FEATURE
Snowflake Horizon Catalog
Govern and find data and AI assets across Snowflake and external catalogs. Enterprise context, lineage, data quality monitoring and AI guardrails mean every answer is traceable and trusted.
Connect your entire data estate
One catalog for data inside and outside Snowflake. Open table formats. Any compute engine.
Build your AI context layer, automatically
Collect, enrich and activate context across BI and data so humans and AI operate on the same trusted semantics.
Deploy governed, trustworthy AI
AI guardrails detect and block sensitive data before it reaches users. End-to-end lineage traces AI-generated answers back to the source.
Collaborate withoutmoving your data
Whether working together on data with a publisher or advertiser, or sharing between teams or across departments, data clean rooms allow you to derive insights without worrying about the risks data movement can bring.
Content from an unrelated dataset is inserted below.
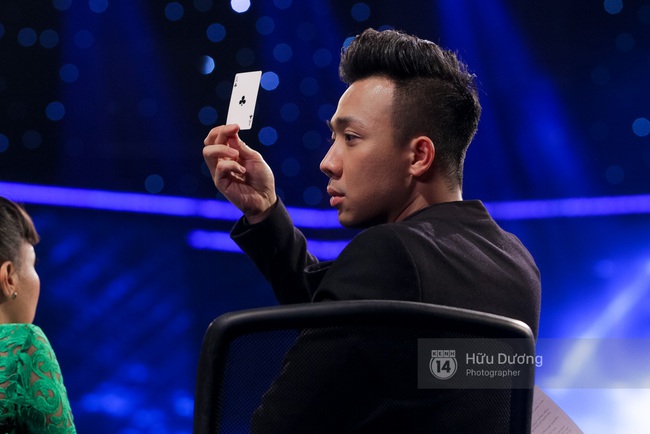 Got Talent: Gi&aacute;m khảo l&uacute;ng t&uacute;ng khi phải loại c&ocirc; Th&uacute;y b&igrave;nh tĩnh sống - Ảnh 24.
Interoperable lakehouse catalog
Built on Apache Polaris, Horizon Catalog uses Iceberg REST and Scan APIs to enable any engine to query governed data in place with bidirectional read and write across Snowflake and external catalogs.
Search and discovery
Search your entire catalog in natural language via Snowflake CoCo, spanning tables, dashboards, notebooks, agents, and external BI metadata in one place. Share AI-ready data products across regions and clouds in a few clicks.
Context for AI and BI
Surface and enrich context with external metadata connectors, automated semantic view creation, popularity-based asset ranking, and unified context search.
AI governance and security
Enforce AI guardrails, manage agent policies, quality, and MCP from a centralized dashboard, and use natural language to ensure every AI agent operates within your security boundaries.
Data observability
Ensure data trust with continuous quality monitoring and column-level lineage that gives visibility from source to BI, tracing AI-generated answers to origin for root cause analysis.
Sensitive data protection
Automatically classify and tag sensitive data, then enforce protection at scale with continuous monitoring, row-level filtering, and column masking.
BENEFITS
Horizon Catalog: Built for trusted answers
Universal Agentic Catalog
Ask Snowflake CoCo in plain language. Get trusted responses based on your data.
Convert intent into active Horizon Catalog policies for masking, access controls, data quality and more.*
Classify, tag and add documentation and even create semantic models with a simple prompt.
Query data across Snowflake, external data lakes and external relational databases without switching tools.
Connect to any Iceberg catalog to discover and act on fresh data — reads and writes.
A connected data estate
A truly open and interoperable catalog
Benefit from community contributions by choosing the catalog implementing open APIs from Iceberg and Apache Polaris™.
Work off a single governed copy of your data, on any catalog, for read and write operations from Snowflake.
Integrate data sources like external databases, BI and data pipeline systems quickly with out-of-the-box connectors, including PostgreSQL, Tableau, Microsoft Power BI, dbt and more.
A single catalog UI surfaces Snowflake objects, external tables, dashboards and AI assets in one place.
AI context layer, built automatically
Collect, enrich and activate context so humans and AI operate on the same trusted semantics
Gather rich context, such as query logs, popularity, joins and relationships from Tableau, Power BI and other BI sources into one searchable catalog where every engine sees the same definitions and lineage.
Track column-level lineage across Snowflake and external databases, rank assets by popularity and auto-generate documentation from metadata.
Semantic View Autopilot creates business-ready definitions from your existing BI sources; Semantic Studio adds git versioning, and CoCo edits in one workspace.
Open Semantic Interchange keeps business logic consistent across any tool or catalog.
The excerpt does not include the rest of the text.